Gagallium : A toy type language (2) variance 101

In this second installment of the “toy type language” series, we will explain how to compute the variance of mutually recursive parameterized types. The actual implementation will be the topic of a following post.

The interest of variance is best seen in combination with a subtyping relation. We therefore assume a type system equipped with a subtyping relation which we write as ≤. In order to give meaningful examples of subtyping, I will use polymorphic variants, so that readers familiar with that feature of OCaml can follow the discussion easily.

The type of values that may only be the constructor A, which OCaml can express as [ `A ], is a subtype of the type made up of two constructors A and B, written [ `A | `B ]. We write this as [ `A ] ≤ [ `A | `B ]: any inhabitant of the smaller type can be seen as an inhabitant of the bigger type. One can think in terms of sets, in which case ≤ is the set inclusion relation ⊂.

Variance is a property of a parameterized type with regards to one of its parameters.
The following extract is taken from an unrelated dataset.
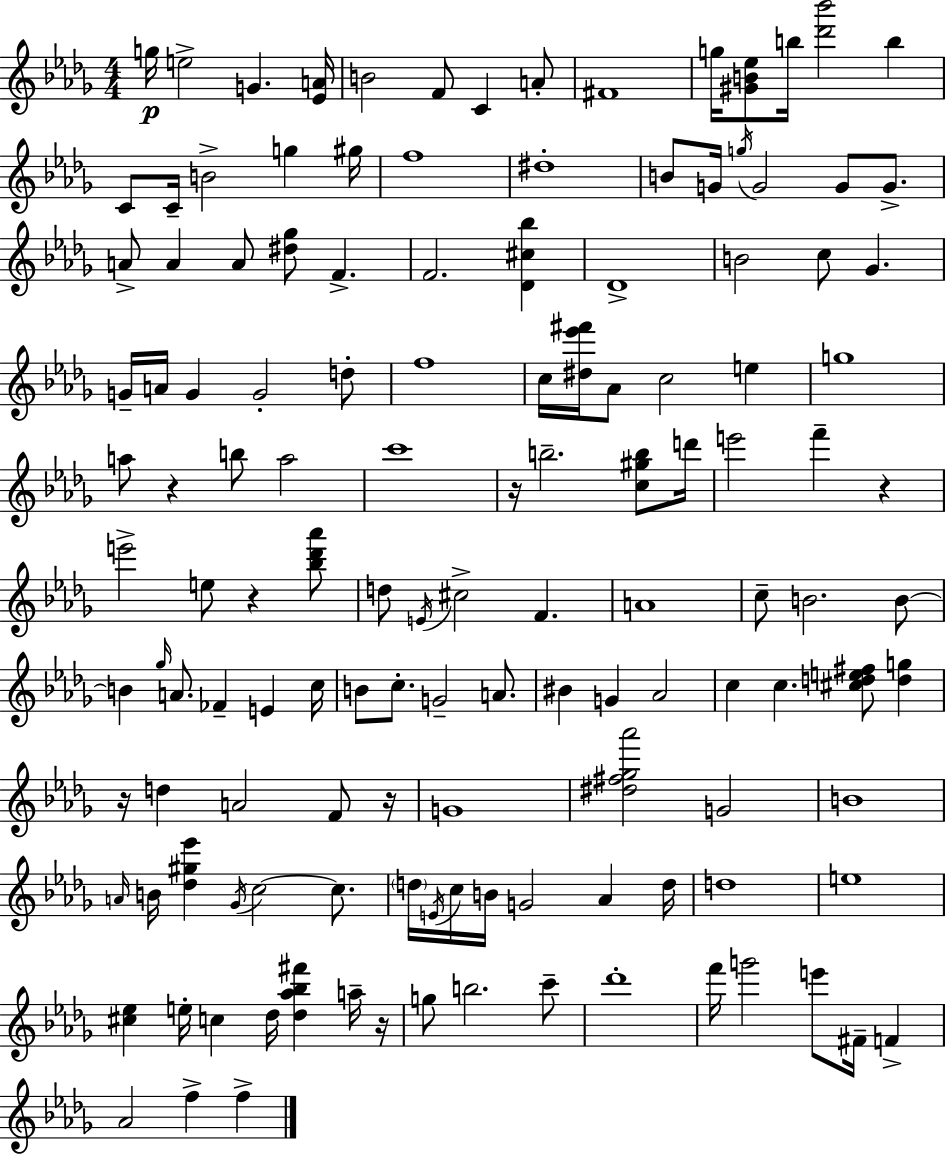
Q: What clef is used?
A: treble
If t a is a parameterized type, the variance of t with regards to a will give us information about the kind of subtyping relation that two types t a and t b enjoy, depending on the subtyping relation between a and b.

Variance is especially important for abstract types. The definition of an abstract type is hidden; therefore, unless otherwise specified, no subtyping relations are available. However, we may want to reveal in a module’s signature that a type has a certain variance, so that the type-checker be aware of certain subtyping relations. Therefore, variance is a property that we will sometimes want to export through a module signature.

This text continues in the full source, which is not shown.